This story was originally published by the WND News Center.
Images of that gaping hole in the multi-story Murrah federal building in Oklahoma City, after Timothy McVeigh detonated a ton of ammonium nitrate fertilizer, which explodes, in the nearby street and killed 168 people are ingrained in America's memory.
Now a report reveals that federal investigators are trying to figure out what happened to 30 tons of the same material that disappeared en route to California.
The Daily Mail reveals that the material "vanished" during a journey from Cheyenne, Wyoming, to Saltdale, California.
The report explained the material, in pellet form, was from a Dyno Nobel manufacturing site and left on April 12. It was reported missing when the train arrived on May 10.
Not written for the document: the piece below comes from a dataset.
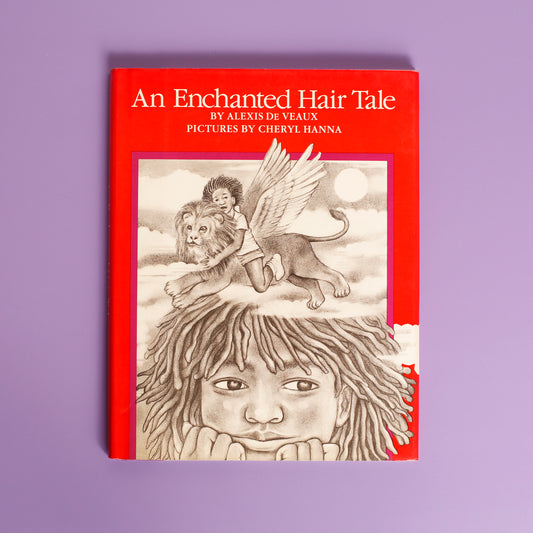 An Enchanted Hair Tale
Union Pacific says it does not believe "criminal" activity was involved and some reports suggest it simply leaked from the rail car.
However, no one yet has explained what happened, or where is the explosive material now.
Using a box truck, McVeigh and Terry Nichols hauled about a ton of the material to the street in front of the Murrah building and detonated it on April 19, 1995. McVeigh later was executed.
An accident involving ammonium nitrate, at a fertilizer plant in Texas, killed 15 people in 2013.
And more than 200 died when thousands of tons exploded at the Port of Beirut in Lebanon.
Officials revealed the railcar was sealed when it left Cheyenne, and the seals were intact on arrival, but the surmise was that it leaked through a bottom gate in transit.
"Our investigation is still ongoing at this time. Union Pacific cannot comment on the details or status of an active investigation, other than to say that at this point in the investigation, we do not believe there is any criminal or malicious activity involved," a railroad official said.